Friday, March 11, 2011

Jurassic Pick (and roll)

People in the Stone Age played a primitive form of basketball. I should know because I was there, if you listen to what my kids have to say.

Back in the 1970s when large carnivorous reptiles roamed the earth and the only word man could say was “Ug” – again, according to my offspring – basketball was a far different game than it is today.

Yes, we used a round ball made from a farm animal when I played in high school. The backboard was its usual rectangular shape and the referees were just as vision-impaired as always. But much of the rest of the game looked nothing like it does now.

For starters, the rules were practically primordial.

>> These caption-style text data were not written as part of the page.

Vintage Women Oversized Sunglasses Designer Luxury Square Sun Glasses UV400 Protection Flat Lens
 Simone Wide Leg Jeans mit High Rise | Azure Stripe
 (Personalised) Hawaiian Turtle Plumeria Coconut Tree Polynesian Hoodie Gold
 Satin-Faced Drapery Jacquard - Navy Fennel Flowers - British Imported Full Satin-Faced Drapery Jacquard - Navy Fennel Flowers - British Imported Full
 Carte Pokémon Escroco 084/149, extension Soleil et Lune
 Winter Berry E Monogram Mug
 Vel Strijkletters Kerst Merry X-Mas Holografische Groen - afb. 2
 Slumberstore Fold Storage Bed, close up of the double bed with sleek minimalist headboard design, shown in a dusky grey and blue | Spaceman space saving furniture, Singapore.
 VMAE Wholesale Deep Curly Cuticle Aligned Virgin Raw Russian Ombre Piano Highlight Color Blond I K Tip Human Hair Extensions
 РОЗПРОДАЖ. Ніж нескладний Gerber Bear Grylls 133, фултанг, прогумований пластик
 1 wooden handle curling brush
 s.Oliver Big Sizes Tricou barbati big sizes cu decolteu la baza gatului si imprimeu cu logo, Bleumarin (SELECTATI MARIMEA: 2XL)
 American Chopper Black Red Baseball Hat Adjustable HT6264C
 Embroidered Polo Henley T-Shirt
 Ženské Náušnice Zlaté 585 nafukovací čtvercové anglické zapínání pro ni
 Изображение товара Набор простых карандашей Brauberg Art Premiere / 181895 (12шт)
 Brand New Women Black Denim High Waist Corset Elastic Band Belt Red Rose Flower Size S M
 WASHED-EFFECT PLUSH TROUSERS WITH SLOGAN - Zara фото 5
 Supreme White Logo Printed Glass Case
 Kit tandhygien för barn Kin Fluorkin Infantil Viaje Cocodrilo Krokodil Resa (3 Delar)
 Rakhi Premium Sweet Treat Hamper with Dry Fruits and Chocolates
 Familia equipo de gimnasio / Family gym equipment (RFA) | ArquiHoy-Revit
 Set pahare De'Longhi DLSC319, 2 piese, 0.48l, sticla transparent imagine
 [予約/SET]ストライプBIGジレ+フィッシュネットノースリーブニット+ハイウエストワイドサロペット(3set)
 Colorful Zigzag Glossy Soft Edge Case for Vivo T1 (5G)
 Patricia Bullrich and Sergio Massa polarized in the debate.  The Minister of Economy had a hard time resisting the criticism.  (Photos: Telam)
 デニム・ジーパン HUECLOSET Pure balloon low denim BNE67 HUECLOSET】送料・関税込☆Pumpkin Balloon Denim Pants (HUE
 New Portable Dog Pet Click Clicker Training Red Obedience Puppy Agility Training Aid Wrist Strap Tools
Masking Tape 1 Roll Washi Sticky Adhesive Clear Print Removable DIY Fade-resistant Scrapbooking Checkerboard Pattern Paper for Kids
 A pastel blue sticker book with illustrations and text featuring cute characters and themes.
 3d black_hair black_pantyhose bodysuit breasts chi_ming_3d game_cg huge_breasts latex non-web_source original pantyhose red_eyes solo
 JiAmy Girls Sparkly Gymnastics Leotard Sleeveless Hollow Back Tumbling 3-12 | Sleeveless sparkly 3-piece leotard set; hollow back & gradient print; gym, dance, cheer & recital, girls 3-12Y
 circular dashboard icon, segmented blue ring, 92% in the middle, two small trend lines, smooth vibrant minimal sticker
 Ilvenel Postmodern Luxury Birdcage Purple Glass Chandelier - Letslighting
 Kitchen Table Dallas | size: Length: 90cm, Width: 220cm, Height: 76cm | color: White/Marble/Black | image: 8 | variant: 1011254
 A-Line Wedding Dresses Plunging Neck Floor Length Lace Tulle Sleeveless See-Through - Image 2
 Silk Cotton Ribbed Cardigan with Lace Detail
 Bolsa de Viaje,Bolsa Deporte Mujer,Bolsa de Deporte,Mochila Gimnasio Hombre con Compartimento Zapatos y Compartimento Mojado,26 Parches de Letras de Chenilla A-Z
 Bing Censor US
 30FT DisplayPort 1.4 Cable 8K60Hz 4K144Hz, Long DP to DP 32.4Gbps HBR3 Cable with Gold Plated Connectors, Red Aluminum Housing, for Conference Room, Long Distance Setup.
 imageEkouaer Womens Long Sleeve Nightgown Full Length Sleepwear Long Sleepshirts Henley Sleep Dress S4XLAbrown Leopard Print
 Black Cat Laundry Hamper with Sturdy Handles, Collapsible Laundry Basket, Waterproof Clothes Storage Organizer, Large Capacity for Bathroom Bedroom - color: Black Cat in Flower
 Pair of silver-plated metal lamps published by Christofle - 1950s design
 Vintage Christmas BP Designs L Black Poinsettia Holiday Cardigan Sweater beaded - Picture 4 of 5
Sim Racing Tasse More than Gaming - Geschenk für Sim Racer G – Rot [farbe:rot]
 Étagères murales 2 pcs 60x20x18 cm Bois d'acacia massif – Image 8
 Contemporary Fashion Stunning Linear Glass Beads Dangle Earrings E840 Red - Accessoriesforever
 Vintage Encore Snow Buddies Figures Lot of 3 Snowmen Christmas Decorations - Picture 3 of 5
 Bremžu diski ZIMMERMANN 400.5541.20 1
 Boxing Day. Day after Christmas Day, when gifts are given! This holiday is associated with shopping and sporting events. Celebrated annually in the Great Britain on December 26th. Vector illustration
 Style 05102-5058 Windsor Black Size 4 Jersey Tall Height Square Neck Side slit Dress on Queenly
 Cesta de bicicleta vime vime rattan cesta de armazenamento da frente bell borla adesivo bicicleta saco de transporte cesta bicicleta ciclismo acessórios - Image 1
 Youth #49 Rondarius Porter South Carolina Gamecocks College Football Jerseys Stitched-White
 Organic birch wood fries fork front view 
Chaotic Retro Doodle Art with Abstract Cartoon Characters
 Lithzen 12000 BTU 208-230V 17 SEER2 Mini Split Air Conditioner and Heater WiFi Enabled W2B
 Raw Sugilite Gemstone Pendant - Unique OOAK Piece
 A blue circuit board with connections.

Naismith invented basketball in 1891 B.C -- er, A.D.
There was no three-point shot. Until the mid-1980s you could launch a Spaulding at the basket from the other end of town and you’d earn no more for putting it through the net than if you laid one up from a foot away. That is, if those sight-challenged guys with the zebra print shirts didn’t whistle you out of bounds first.

In the prehistoric era of James Naismith’s invention, long-range field goal attempts were usually considered bad shots. Normally, only short guys who didn’t have the skills to dribble through the tall timber to get to the rim dared try one from distance. Nowadays, every guard, forward, center, team manager, mascot and hot dog vendor with a half-second to get one off steps behind the arc to let fly, and we hold up as virtuosos those whose failure rate is only six out of 10.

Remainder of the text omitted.